We Hear All Types Of Sound In Our Brains
The hearing process also operates in a similar manner to the visual process. In other words, we hear sounds in our brains in the same way that we see the view of the outside world in our brains. The ear captures the sounds around us and delivers them to the middle ear. The middle ear amplifies the sound vibrations and delivers them to the inner ear. The inner ear transforms these sound vibrations into electric signals, on the basis of their frequency and intensity, and then transmits them to the brain. These messages in the brain are then sent to the hearing center where the sounds are interpreted. Therefore, the hearing process takes place in the hearing center in essentially the same way that the seeing process takes place in the seeing center.
Despite the volume of the sounds you hear, the interior of your brain is actually very quiet. However, you hear noise, such as voices, very clearly in your brain.
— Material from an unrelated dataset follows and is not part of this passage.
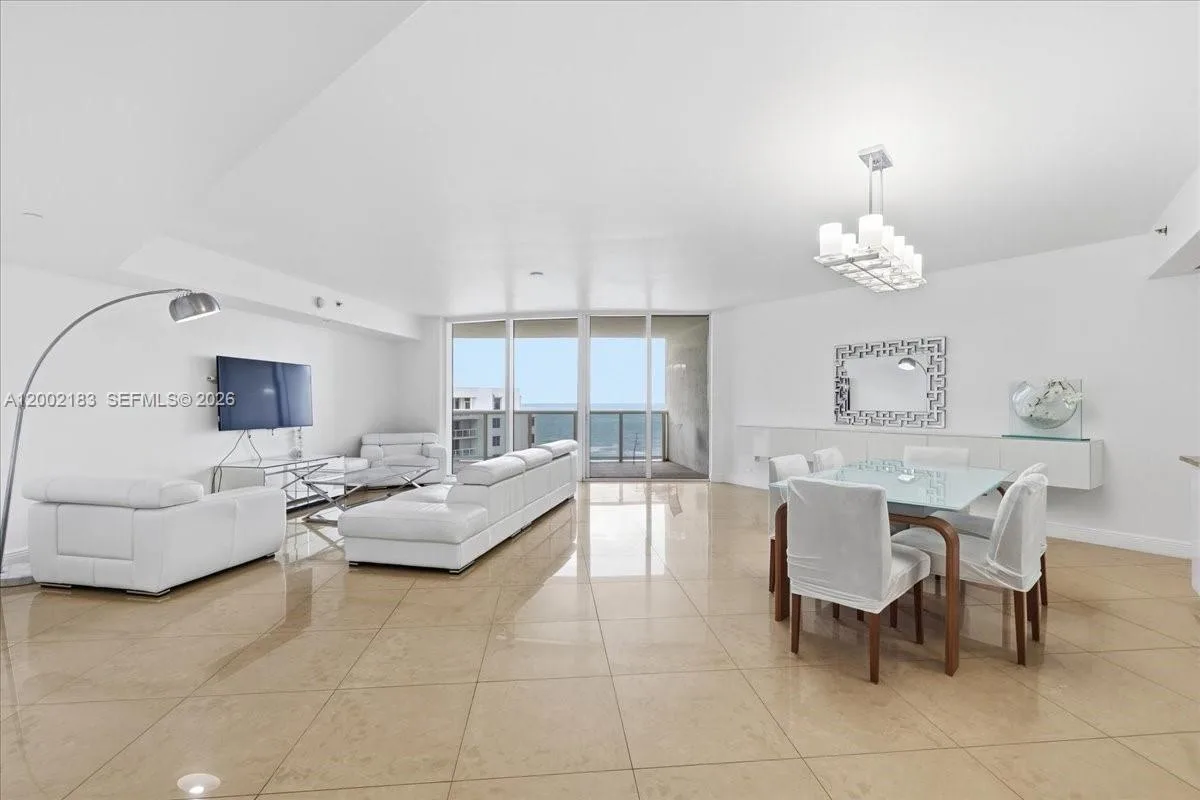 17201 Collins Ave # 1107, Sunny Isles Beach, FL 33160 photo 5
Therefore, actual sounds do not exist outside our brains, even though there are physical vibrations we call sound waves. These sound waves are not transformed into sounds outside or inside our ears, but rather inside our brains. As the visual process is not performed by our eyes, neither do our ears perform the hearing process. For example, when you are having a chat with a friend, you observe the sight of your friend in your brain, and hear his or her voice in your brain. As the view in your brain is formed, you will have a deep feeling of three dimensions, and your friend's voice is also heard with a similar feeling of depth. For example, you could see your friend as being a long way from you, or sitting behind you; accordingly you feel his voice as if it is coming from him, from near you or from your back. However, your friend's voice is not far away or behind you. It is in your brain.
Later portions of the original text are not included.